Below are all the R packages and option sets to reproduce this analysis
options(warn=-1)
options("scipen"=100, "digits"=4)
suppressMessages(library(readr))
suppressMessages(library(Hmisc))
suppressMessages(library(gbm))
suppressMessages(library(dplyr))
suppressMessages(library(caret))
suppressMessages(library(RColorBrewer))
#library(doMC)
#registerDoMC(cores = 8)
cars_multi <- read_csv("cars_multi.csv", na = "?")
cars_price <- read_csv("cars_price.csv")
fte_theme based on FiveThirtyEight style is not displayedThere are no missing values or idiosyncrasies for all variables except for the horsepower variable that has 6 observations missing.
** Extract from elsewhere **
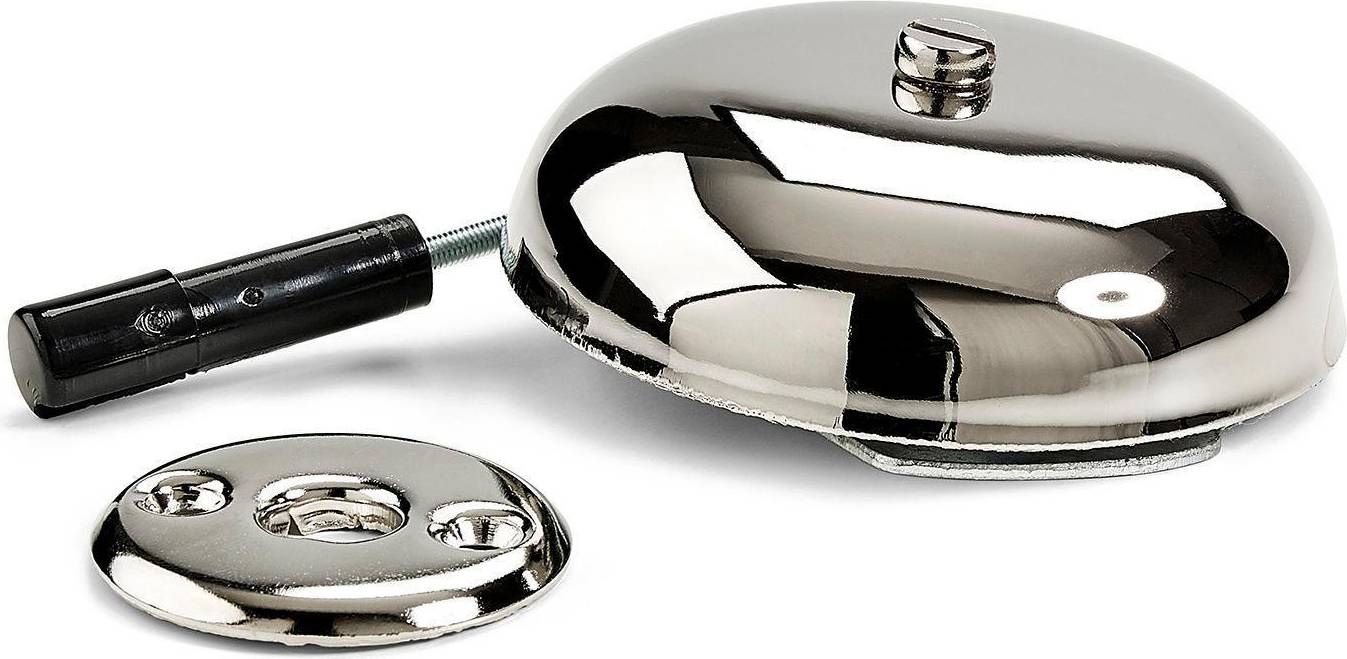 Habo Ringklocka 680 35-65mm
One may use knn-imputation to fix this. But I won’t border for the time being.
merged_data <- merge(cars_multi, cars_price, by = "ID")
#describe(merged_data)
As the scatter plot shows below, there is not a clear relationship between mpg and price variables. Small mpg values have wide price range, although it is less so fo the highest mpg values.
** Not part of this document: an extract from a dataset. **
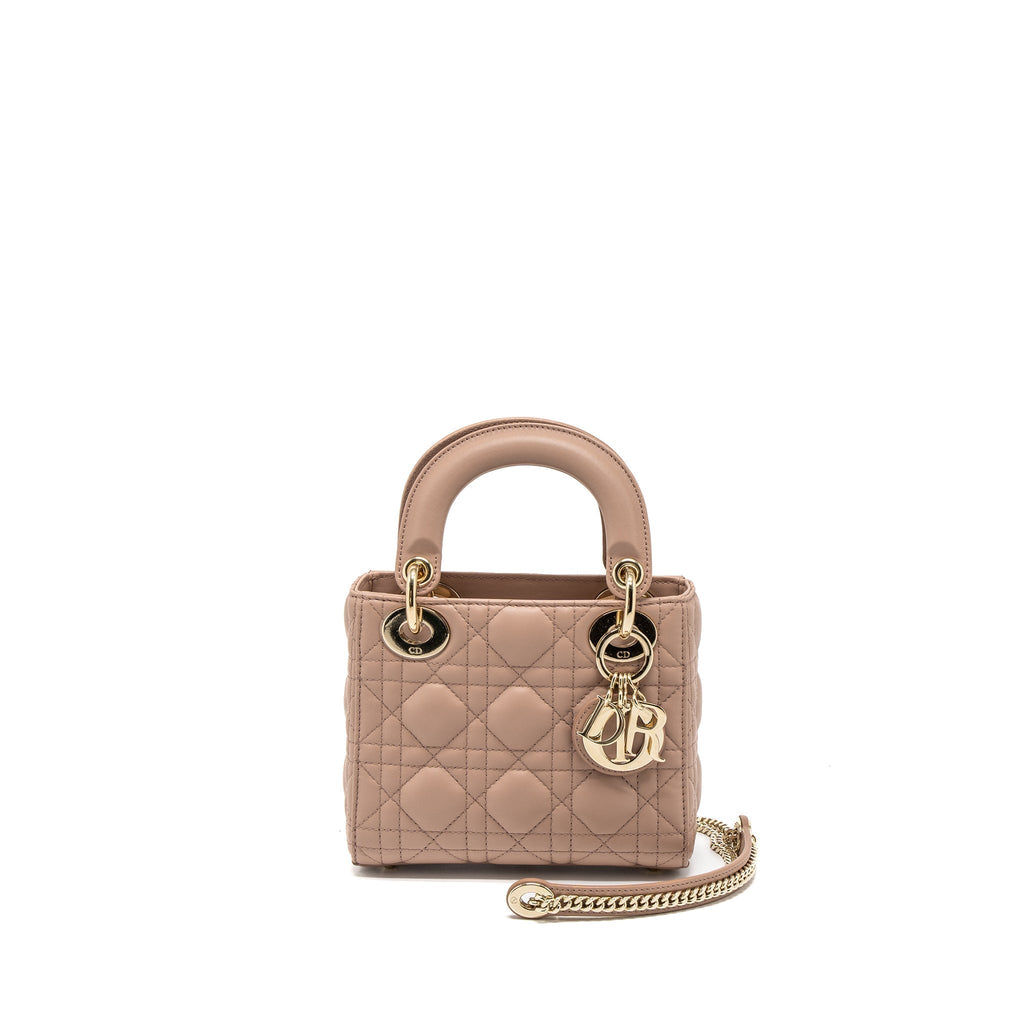 dior-mini-lady-dior-cannage-lambskin-blush-lghw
ggplot(data=merged_data, aes(x=mpg, y=price)) +
geom_point(alpha=.4, size=4, color="#880011") +
ggtitle("MPG vs. Price")
But we noticed something that stoud out. There seems to be a strip of points around the price values of 20000, 30000, and 40000. What’s going on there? Let’s investigate this with a histogram of the price variable by itself.
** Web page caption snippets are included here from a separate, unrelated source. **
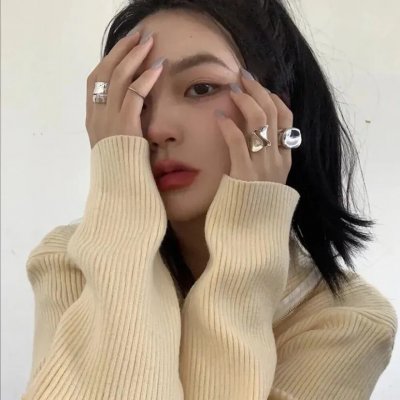 吉他狂想曲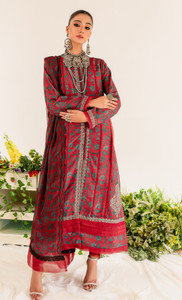 Maryum N Maria Lawn Collection Vancouver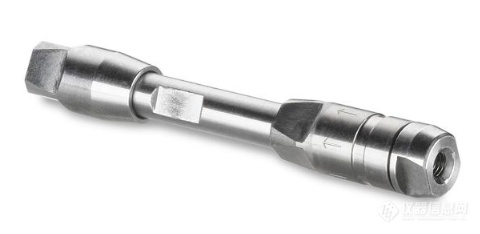 Waters 186010794 CORTECS Premier C18色譜柱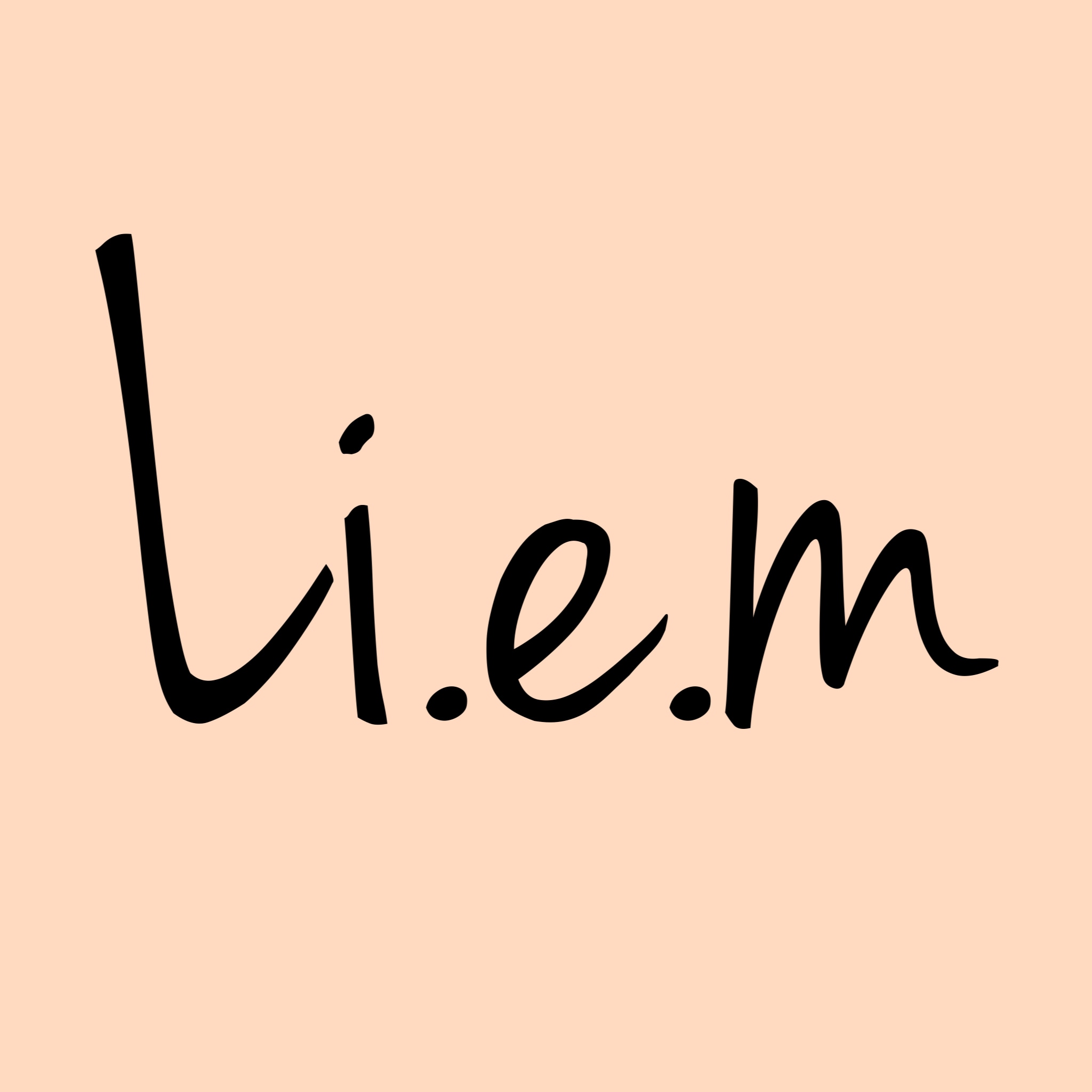 li.e.m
As one can see below, there are spikes in vehicles counts in the price range of 20000, 30000, and 40000. If you’re a car dealership, you better use this info to set the price of your cars :-)
ggplot(data=merged_data, aes(x=price)) +
geom_histogram(fill="#880011") +
ggtitle("Price Histogram")
## `stat_bin()` using `bins = 30`. Pick better value with `binwidth`.
Let’s dig even deeper, and see how has the above changed over the years. We noticed that the year per year picture is even muddier. But there’s less weaker corrolation between mpg and price in the year 79. It is still a very weak correlation of 32%. There was a close to zero correlation (1%) for the whole data set for these two variables.
ggplot(data=merged_data, aes(x=mpg, y=price)) +
geom_point(alpha=.4, size=4, color="#880011") +
ggtitle("MPG vs. Price vs. Year") +
facet_wrap(~model)
There’s a strong inverse relationship between displacement and mpg. And Weighter vehicles tend to have higher fuel consumption and smaller displacement. There’s nothing mind-blowing in this graph, actually. Darker dots means heavier vehicles.
ggplot(data=merged_data, aes(x=mpg, y=displacement, color=weight)) +
geom_point(position = "jitter") + geom_smooth(color="red", size=0.5) +
ggtitle("MPG vs. Displacment vs. Weight") +
fte_theme()
In the 70’s, USA made cars consistently had more horsepower than foreign made ones. But that started to change somewhat in the earlier 80’s. The horsepower in foreign made cars stayed more or less constant during this time. Maybe people attitude started to change in regard to what were looking for in cars in the US around the 80’s. We need more recent data to answer that question for sure.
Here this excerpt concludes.